Sunday I rode the Montauk north into the White Mountains for a breakfast meeting of The Granite State BMW Riders, a wonderful group of New England riders indeed. Though unknown to their members, I was greeted warmly, both by their members and by the fine waitresses and the oversized Western Omelet served up in Campton at The Sunset Grill.
If one ever needs a good excuse to get out of bed early on an otherwise uncommitted Summer Sunday, a breakfast meeting of the GSBMW Riders at The Sunset Grill is a fine justification for sure.
White Mountain journeys can be accomplished via myriad routes. The fastest, at least from Manchester, is a straight shot up the slab of Route 93. But like all interstates, it is too straight and too monotonous for enjoyable riding. Old Route 3, however, is neither straight nor boring.
In my youth, Route 3 was "the highway." It winds generally north from Massachusetts to Colebrook, NH, being the Main Street of most every town in between. North of Laconia, NH, Route 3 is a pleasure to ride. It's old, and its curves lead to farmlands, old homes in need of repair, and fields of hay and corn. At places the road sweeps along a riverbed flooded with the high waters that flow down from headwaters deep in the Pemi Wilderness. The smells are of musty shores and freshly mown hay. Ideal for a Sunday ride.

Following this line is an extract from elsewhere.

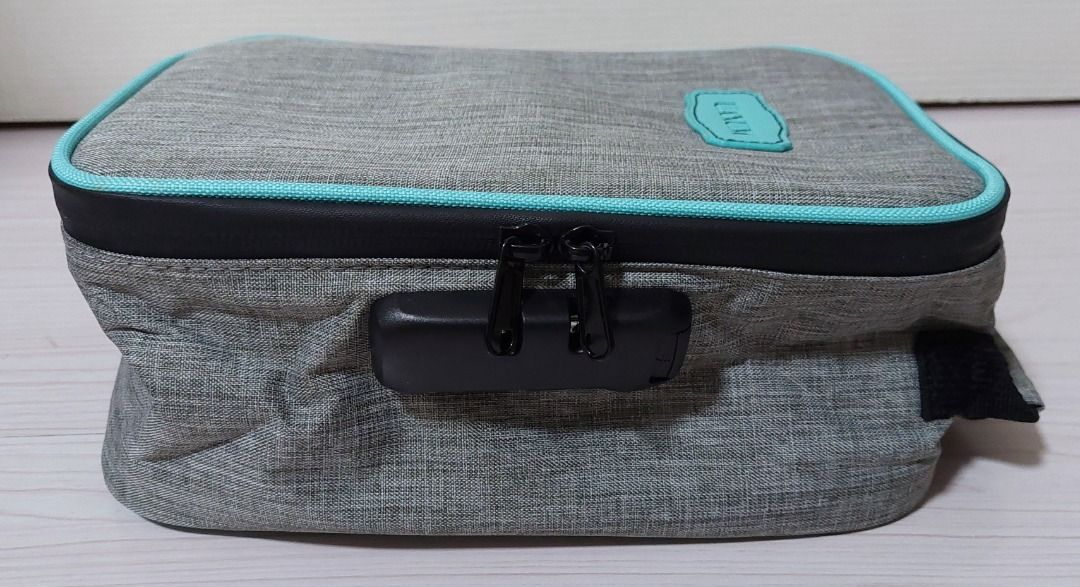[NEW] Travel Storage Case Safe Bag (Category: Sanitary Hygiene) located in Pasig City. Submitted by findingviolet (Listing ID 1367063536, Image 2). Description: [NEW] Travel Storage Case Safe Bag - Smell Proof Bag with Combination Lock - Multipurpose: File Organizer Case, Travel Storage Case Safe Bag, Valuables Storage - Dimensions: 9.5" x 6" x 3.5" Features: - Carbon linings that prevent odors from escaping and keep personal items discreet - Sui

Overhead I watched Hawks ride air currents high into the cooling sky. Just north of Plymouth I rounded a bend to see an Eagle glide without effort along an invisible air current sweeping up the hills below it. I was awestruck.
I think of the sadness in London, in Iraq, all over the world. Sadness brought about by hatred and killing. I think of the lonely Eagle in the mountain wind. I wish everyone would just stop what they are doing to others and go for a Sunday ride into the mountains.